▶ _The records_:
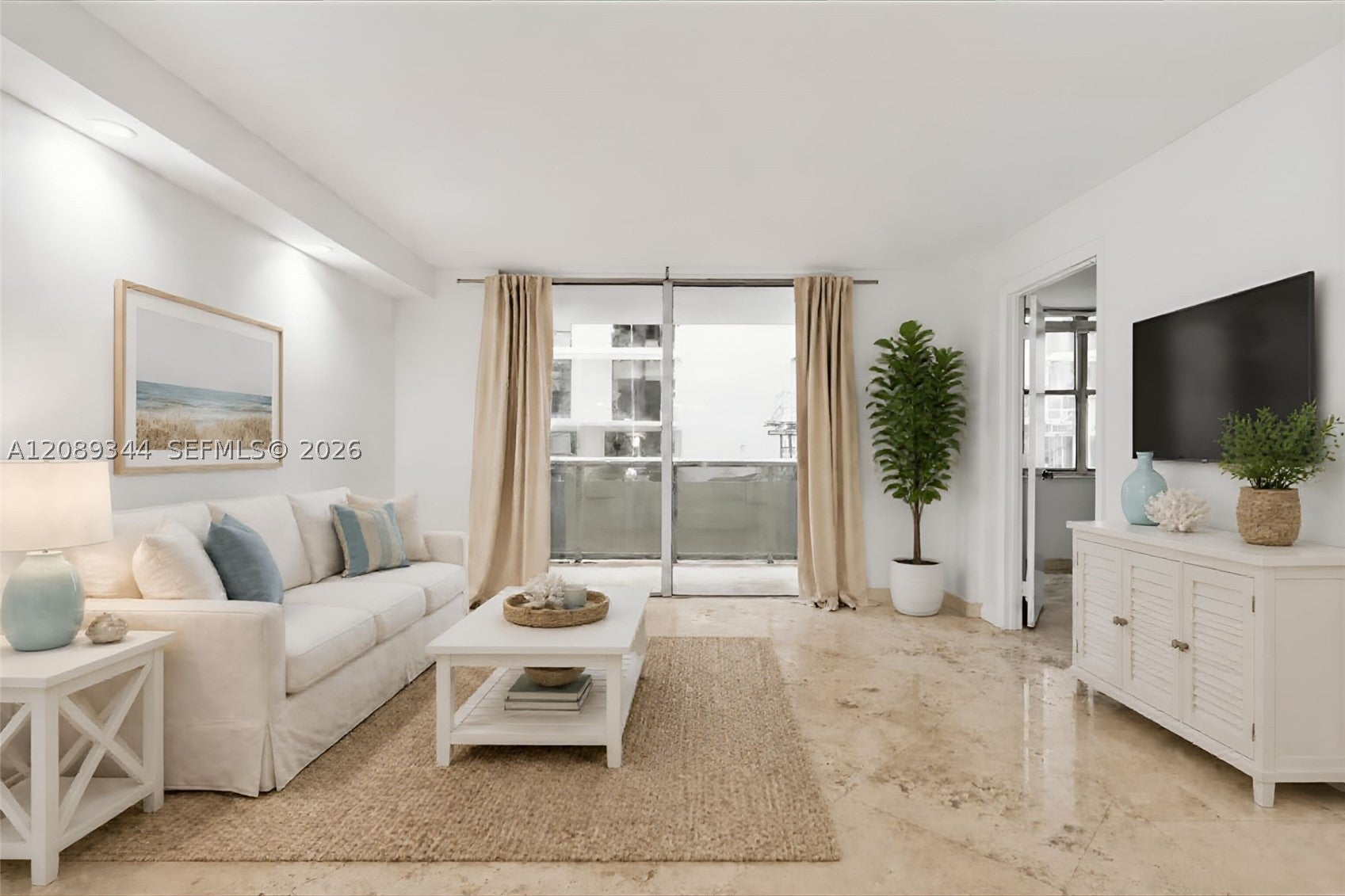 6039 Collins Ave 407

--

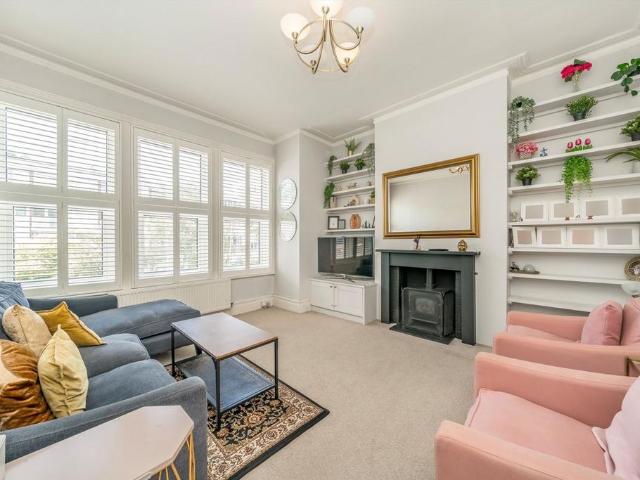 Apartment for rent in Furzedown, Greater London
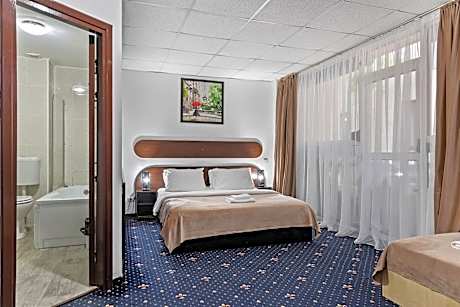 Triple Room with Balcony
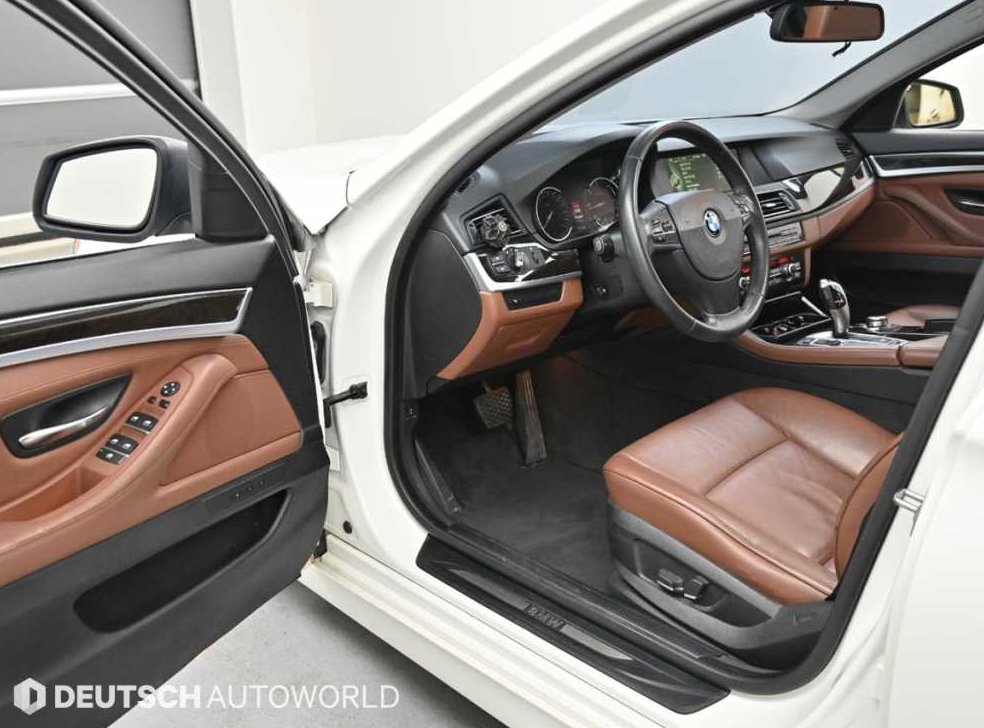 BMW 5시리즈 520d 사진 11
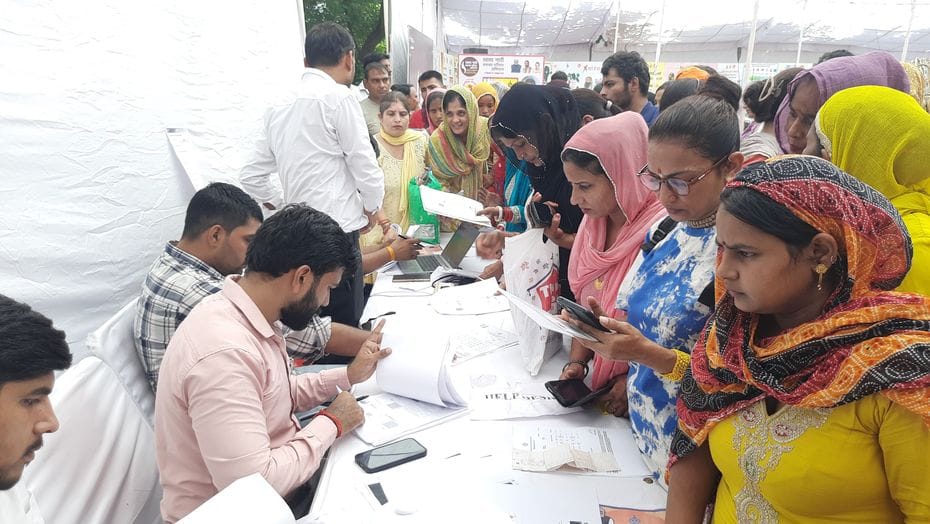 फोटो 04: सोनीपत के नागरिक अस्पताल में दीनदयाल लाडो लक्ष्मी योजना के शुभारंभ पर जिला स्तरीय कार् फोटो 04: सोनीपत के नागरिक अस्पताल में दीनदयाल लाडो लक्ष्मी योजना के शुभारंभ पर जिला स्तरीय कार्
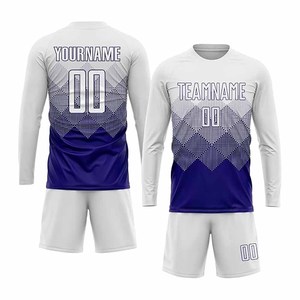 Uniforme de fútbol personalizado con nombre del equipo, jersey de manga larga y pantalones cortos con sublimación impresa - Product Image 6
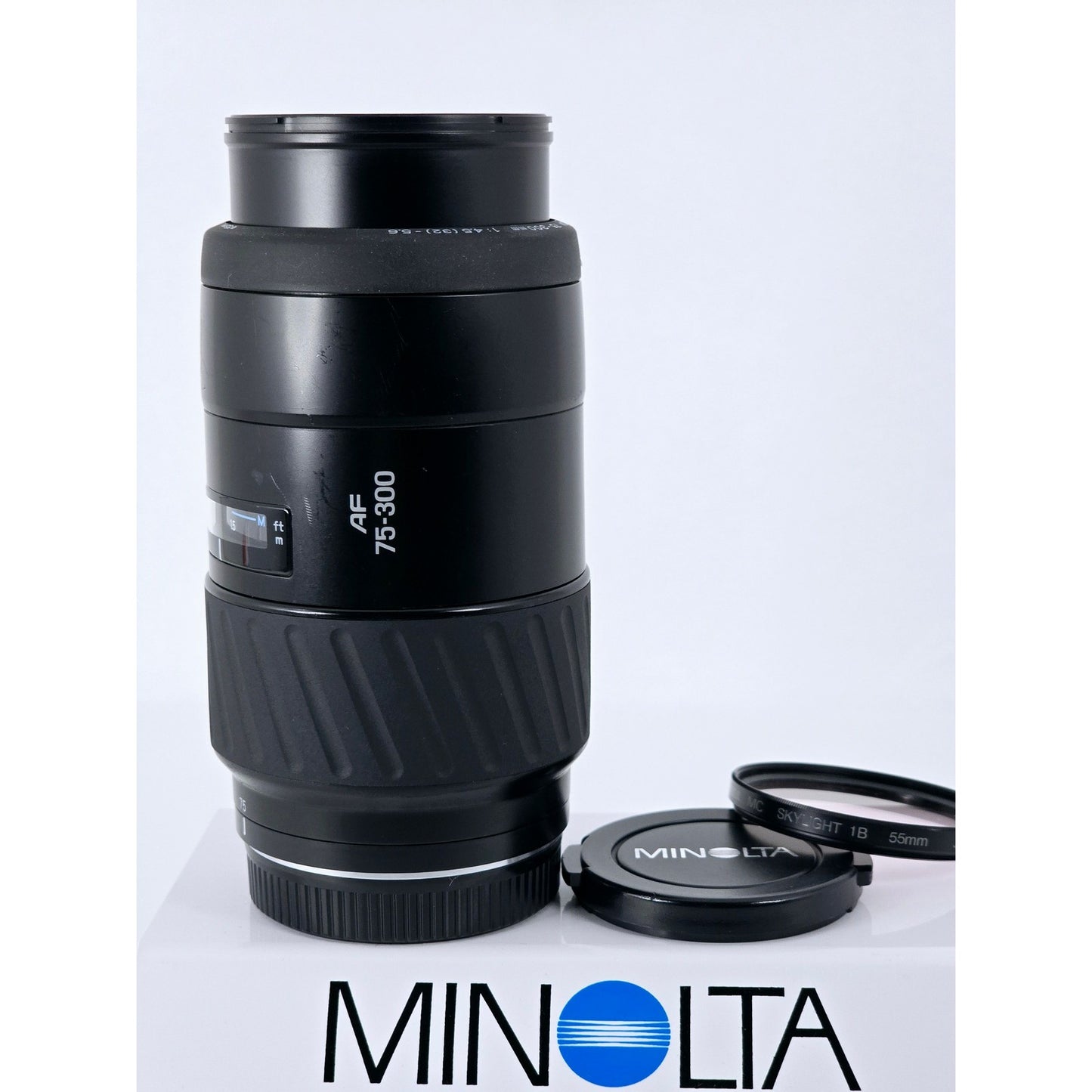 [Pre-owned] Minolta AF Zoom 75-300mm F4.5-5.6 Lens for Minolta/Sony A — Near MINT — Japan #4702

▶ _Exercise brief_: In the listing above, find the line with "BMW 5시리즈 520d 사진 11" and output every line through the one with "[Pre-owned] Minolta AF", exactly, without the pictures.

▶ _Solution_:
 BMW 5시리즈 520d 사진 11
 फोटो 04: सोनीपत के नागरिक अस्पताल में दीनदयाल लाडो लक्ष्मी योजना के शुभारंभ पर जिला स्तरीय कार् फोटो 04: सोनीपत के नागरिक अस्पताल में दीनदयाल लाडो लक्ष्मी योजना के शुभारंभ पर जिला स्तरीय कार्
 Uniforme de fútbol personalizado con nombre del equipo, jersey de manga larga y pantalones cortos con sublimación impresa - Product Image 6
 [Pre-owned] Minolta AF Zoom 75-300mm F4.5-5.6 Lens for Minolta/Sony A — Near MINT — Japan #4702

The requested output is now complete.